As Daniel Sturridge came across to the touchline at Stade des Bourgognes, leant over the fence around England’s training pitch and started making his case that he could live with being on the fringes of Roy Hodgson’s team, one awkward question had to be asked of a player not always renowned for his lack of ego.
Sturridge certainly sounded like he meant it when he declared he would accept being out of the side in England’s opening Euro 2016 game against Russia on Saturday and, in black and white, his words typified the kind of attitude Hodgson must want from his squad. There was praise for Marcus Rashford – “a good player” – and an insistence, repeated several times, that he would not rock the boat if there was no way into the starting line-up past Wayne Rooney, Harry Kane and Jamie Vardy.
“It’s about being here as a team. I look at other countries when they score and everyone is off the bench. They are all involved, all jumping on each other, celebrating – and that’s how we have to be. We have to be a team. It’s very important. We have to be a family.
“We don’t have our mums, dads, kids and all those things here. Out here, we’re the only people we’ve got. So we’re our own family and we have to be together.”
It was some speech even if the over‑riding message – “we can’t win this thing if there are egos or problems in the camp” – did not entirely tally with the public perception of him in Liverpool’s colours or one of the recent images from another England game. Sturridge’s expression when the television cameras panned on him after Rashford’s debut goal against Australia was unsmiling, at best, and there were other parts of the game when he could be seen fiddling with his phone in the stands rather than watching the team.
So, how does that fit with his call for togetherness now? And did he wince seeing that photograph? “No, not at all,” Sturridge says, before trying to offer some context. “As well as the game, it was my first annual charity event [the Sturridge Foundation] in Birmingham that night. My family had put on the event and they were texting me the whole night.
“Of course it’s important to watch my team-mates play but if I receive a text message about my charity event of course I’m going to reply to it. That’s important to me, just as much as it is being here. But of course I want my team-mates to do well and there was no disrespect at all.

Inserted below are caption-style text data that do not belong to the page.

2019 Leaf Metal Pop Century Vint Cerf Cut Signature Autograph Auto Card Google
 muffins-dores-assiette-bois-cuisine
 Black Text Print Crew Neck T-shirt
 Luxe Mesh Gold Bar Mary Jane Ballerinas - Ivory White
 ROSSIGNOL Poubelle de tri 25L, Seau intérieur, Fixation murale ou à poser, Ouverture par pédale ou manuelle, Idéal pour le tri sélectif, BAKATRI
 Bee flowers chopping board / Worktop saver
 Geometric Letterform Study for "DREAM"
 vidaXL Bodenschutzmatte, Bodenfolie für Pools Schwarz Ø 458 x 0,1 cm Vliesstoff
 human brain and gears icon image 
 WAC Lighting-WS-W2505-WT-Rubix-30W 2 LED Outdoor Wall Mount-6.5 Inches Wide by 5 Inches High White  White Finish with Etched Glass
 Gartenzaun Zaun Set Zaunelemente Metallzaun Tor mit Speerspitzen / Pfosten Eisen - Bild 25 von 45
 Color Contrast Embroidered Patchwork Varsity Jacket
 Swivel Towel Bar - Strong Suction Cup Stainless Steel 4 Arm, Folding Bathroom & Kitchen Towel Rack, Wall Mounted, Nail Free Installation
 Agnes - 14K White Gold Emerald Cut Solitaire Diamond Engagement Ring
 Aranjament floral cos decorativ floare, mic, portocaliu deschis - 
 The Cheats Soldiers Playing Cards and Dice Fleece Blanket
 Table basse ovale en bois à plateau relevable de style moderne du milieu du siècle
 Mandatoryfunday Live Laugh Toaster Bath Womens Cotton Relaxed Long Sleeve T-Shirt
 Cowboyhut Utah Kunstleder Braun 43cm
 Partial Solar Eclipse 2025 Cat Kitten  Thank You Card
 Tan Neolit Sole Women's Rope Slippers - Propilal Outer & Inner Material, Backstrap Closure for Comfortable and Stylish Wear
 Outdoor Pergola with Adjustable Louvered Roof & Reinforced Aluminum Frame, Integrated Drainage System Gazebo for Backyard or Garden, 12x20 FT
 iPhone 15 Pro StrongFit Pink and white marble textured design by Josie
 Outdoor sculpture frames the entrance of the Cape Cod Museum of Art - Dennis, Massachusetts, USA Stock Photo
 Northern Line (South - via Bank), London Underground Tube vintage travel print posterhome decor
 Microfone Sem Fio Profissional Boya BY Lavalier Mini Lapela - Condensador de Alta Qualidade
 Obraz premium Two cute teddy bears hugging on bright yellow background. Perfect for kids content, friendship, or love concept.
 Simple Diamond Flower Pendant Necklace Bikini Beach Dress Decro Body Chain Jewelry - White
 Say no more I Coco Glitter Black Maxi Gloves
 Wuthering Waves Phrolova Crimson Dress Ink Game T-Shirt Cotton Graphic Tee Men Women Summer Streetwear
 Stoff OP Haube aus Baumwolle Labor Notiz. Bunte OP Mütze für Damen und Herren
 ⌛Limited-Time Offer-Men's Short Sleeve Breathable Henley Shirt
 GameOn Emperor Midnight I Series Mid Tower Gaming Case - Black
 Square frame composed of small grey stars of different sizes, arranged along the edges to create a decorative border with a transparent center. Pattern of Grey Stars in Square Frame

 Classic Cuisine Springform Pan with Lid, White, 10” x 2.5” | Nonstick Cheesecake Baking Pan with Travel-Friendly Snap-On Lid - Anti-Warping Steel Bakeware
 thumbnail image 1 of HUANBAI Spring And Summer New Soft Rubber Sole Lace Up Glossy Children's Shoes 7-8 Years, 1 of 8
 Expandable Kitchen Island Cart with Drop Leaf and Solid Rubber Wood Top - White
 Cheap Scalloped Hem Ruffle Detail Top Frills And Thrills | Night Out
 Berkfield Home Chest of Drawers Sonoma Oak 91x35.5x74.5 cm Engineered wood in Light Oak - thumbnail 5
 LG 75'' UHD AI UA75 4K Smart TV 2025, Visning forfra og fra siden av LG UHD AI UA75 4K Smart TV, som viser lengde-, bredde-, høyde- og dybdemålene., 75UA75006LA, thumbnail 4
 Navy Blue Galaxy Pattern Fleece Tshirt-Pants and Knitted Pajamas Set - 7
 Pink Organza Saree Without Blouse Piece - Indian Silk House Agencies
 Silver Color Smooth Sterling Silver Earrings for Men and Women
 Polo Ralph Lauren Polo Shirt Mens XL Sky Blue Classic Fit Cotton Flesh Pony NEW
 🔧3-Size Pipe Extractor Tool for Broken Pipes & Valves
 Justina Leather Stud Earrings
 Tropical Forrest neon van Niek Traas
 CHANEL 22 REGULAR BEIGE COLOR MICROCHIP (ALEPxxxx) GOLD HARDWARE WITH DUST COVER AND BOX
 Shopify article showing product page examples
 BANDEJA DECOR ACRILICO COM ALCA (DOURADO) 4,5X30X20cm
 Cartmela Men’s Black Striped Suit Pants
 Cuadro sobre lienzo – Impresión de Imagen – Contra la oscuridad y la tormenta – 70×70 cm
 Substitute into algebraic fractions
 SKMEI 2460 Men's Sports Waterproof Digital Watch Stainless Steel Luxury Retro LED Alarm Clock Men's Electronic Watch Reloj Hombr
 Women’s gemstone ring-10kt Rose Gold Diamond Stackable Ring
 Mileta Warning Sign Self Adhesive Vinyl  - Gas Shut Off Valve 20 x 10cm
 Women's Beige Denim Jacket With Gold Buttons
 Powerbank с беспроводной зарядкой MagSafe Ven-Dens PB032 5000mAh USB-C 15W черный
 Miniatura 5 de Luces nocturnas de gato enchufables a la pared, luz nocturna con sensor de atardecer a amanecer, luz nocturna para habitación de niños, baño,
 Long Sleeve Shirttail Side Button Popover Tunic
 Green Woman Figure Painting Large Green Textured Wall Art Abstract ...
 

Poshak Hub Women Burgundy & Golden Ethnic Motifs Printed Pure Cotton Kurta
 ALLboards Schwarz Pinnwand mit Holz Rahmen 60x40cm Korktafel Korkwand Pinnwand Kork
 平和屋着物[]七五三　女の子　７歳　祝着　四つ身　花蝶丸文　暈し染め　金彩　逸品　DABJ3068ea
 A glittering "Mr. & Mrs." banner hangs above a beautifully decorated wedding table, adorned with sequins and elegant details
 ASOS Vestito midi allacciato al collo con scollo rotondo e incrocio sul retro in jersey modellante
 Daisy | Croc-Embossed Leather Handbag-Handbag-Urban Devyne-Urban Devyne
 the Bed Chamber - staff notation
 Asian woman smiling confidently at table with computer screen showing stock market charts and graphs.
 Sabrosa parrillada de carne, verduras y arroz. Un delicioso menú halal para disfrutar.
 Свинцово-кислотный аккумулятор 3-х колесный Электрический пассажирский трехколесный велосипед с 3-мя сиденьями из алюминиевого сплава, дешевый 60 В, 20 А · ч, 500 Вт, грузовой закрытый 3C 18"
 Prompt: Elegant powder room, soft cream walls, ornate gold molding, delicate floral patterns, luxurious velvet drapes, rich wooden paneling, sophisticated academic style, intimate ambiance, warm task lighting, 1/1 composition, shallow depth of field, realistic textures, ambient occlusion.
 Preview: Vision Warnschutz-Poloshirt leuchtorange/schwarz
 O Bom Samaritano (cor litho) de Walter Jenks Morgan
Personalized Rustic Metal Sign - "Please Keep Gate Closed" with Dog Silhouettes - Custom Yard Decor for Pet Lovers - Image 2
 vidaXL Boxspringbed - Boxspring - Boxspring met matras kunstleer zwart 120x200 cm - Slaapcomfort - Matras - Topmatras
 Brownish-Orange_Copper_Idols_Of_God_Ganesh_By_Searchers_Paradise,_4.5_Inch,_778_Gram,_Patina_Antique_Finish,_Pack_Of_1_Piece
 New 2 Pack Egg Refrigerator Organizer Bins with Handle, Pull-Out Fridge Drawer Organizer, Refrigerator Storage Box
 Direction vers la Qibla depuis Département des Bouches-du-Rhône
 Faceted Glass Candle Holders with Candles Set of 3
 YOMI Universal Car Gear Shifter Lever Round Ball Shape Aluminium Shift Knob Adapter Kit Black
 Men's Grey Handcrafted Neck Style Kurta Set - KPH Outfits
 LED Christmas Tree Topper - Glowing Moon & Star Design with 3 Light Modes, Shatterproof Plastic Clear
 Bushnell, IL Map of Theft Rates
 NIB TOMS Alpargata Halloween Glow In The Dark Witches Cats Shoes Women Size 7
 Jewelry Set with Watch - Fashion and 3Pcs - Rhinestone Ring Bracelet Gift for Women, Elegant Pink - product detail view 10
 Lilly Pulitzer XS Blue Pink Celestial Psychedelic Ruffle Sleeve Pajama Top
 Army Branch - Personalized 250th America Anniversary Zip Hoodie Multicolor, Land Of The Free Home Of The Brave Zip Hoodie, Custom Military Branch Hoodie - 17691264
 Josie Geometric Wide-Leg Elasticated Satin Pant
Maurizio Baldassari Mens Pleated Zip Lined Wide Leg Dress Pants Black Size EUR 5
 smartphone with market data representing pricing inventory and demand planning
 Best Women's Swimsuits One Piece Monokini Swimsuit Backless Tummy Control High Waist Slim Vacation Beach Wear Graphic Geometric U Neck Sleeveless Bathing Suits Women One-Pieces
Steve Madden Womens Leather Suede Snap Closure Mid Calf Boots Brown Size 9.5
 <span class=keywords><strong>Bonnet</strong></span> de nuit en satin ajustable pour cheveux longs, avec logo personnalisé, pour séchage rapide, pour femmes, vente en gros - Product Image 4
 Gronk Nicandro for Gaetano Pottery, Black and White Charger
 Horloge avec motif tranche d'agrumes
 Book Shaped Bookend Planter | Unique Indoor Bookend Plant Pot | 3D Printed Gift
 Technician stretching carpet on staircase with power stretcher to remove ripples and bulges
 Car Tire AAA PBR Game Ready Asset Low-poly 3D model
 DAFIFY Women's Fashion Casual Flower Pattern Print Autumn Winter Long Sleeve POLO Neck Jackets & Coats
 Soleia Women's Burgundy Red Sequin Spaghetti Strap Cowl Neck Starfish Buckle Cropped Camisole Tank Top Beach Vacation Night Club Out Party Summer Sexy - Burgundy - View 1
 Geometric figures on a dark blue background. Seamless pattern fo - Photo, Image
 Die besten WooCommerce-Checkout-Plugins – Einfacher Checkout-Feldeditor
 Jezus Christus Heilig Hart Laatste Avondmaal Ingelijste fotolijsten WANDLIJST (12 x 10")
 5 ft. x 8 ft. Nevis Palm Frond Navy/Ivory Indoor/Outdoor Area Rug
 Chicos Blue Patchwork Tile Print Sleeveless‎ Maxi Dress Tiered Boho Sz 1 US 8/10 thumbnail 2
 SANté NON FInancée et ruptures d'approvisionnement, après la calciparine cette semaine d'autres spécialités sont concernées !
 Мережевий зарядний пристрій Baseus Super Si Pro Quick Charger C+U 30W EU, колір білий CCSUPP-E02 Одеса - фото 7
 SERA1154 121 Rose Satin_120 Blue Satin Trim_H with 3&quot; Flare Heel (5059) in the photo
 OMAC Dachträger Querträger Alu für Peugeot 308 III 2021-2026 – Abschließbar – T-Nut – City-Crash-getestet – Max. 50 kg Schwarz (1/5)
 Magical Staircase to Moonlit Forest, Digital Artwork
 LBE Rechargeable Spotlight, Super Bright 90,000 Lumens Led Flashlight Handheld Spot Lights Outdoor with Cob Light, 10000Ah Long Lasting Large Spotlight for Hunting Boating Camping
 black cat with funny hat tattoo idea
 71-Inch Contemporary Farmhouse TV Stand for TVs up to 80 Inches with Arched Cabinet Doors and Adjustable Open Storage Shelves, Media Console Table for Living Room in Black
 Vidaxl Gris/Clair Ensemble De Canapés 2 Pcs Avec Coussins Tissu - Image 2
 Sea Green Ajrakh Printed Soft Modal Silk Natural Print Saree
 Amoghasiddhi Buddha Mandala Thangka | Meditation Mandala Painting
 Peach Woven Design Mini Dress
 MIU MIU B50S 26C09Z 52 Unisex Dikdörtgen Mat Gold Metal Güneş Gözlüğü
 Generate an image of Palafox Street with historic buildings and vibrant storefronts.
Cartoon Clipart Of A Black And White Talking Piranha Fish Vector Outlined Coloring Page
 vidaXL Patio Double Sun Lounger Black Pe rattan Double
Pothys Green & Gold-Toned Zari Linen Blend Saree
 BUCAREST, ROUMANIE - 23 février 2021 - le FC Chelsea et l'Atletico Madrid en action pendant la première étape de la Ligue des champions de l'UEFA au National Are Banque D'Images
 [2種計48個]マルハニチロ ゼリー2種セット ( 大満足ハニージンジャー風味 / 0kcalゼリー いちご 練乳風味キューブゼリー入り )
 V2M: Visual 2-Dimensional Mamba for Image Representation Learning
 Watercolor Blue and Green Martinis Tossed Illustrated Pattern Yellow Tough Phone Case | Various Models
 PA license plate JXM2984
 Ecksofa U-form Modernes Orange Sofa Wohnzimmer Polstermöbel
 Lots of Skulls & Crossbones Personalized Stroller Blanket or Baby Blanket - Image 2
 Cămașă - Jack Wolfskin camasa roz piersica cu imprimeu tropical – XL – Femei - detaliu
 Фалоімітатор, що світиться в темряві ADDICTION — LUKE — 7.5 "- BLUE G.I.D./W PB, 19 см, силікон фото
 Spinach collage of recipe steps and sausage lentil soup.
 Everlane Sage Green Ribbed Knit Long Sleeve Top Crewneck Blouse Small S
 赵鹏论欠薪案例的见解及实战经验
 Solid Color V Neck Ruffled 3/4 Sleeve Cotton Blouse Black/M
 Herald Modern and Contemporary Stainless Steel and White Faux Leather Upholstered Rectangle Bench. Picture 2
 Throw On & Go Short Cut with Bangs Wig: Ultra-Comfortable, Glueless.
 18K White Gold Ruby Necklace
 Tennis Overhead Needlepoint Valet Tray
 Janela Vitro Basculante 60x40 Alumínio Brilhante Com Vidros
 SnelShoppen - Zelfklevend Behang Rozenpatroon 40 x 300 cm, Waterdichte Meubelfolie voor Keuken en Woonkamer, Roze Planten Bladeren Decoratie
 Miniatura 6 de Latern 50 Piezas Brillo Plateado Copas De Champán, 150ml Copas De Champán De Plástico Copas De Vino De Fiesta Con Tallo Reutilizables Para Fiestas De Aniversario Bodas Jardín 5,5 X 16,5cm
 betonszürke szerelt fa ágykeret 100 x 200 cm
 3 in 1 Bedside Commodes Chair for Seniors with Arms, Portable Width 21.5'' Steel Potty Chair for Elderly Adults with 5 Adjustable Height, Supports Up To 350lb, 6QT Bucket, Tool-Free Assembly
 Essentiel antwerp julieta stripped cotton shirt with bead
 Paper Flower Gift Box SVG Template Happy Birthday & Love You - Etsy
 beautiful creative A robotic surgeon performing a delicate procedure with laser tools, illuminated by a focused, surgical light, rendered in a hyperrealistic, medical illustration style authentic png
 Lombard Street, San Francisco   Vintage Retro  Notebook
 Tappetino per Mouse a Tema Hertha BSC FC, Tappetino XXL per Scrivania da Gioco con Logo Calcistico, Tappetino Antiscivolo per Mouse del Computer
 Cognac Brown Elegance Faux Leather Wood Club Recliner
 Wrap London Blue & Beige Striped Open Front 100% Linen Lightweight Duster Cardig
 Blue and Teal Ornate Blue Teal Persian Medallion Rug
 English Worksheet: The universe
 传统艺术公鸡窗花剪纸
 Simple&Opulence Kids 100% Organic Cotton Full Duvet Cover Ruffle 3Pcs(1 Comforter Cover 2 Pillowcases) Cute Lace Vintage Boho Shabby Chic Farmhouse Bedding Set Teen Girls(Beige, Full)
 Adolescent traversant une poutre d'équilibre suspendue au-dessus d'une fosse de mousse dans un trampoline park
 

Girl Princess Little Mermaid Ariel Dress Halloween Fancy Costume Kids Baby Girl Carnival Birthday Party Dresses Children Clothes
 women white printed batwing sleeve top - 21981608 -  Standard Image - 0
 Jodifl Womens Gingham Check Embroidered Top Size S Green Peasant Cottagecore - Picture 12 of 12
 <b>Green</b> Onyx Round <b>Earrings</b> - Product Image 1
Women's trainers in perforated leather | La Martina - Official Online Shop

“The manager came to me and said he had no problem with it because I was sat behind the bench, not on the bench with the team.”
It was an explanation of sorts, even if it did not entirely explain why he looked so sullen. Yet, in fairness, Sturridge did probably have justifiable reasons to feel concerned at that point, nursing another flare-up of his calf issues and with his place in Hodgson’s squad looking vulnerable.
“I played in the Europa League final and I had some tension in my calf but it wasn’t as if I had torn any muscles,” he says. “It was always going to be gone five to six days after I arrived and it [getting into the squad] was never touch and go as far as I was concerned. I wasn’t worried. I am not the type of person to worry. It was the manager’s decision and If I hadn’t made the squad I would have wished the boys the best of luck.”
It will be the same, he says, in Marseille at the weekend if a player who was once considered a mandatory first‑team pick has to start on the bench. “It is a team game,” Sturridge says.
“It isn’t about individuals. It isn’t about myself, Marcus, Wazza, Harry or Vardy. It’s about the team and how we are going to be successful as a team in the Euros.”
He does, however, note that he “can offer something different” and it is worth remembering that Hodgson considers him the most natural finisher of all his five strikers. Sturridge’s goal for Liverpool in the Europa League final was the case in point. “It was instinctive,” he says. “In training I try to use the outside of my foot quite a lot. I also speak to the goalkeepers to find out things they don’t like to give myself an advantage over opposition goalkeepers.
“That style of shot gives them problems. It’s difficult to get too much power because there isn’t a great deal of back-lift but I’ve picked up things from playing with, or watching, other players. Didi Hamann was very big with the outside of his foot. Deco was very good with the outside of his foot, Paul Merson was top drawer with the outside of his foot. I’m always learning and trying to improve.”
For now, he might have to learn by being what is known in tournament football as a “good tourist”. Yet the suspicion persists that it is not something Sturridge really wants to contemplate. “I’m not here for a holiday,” he says, matter-of-factly.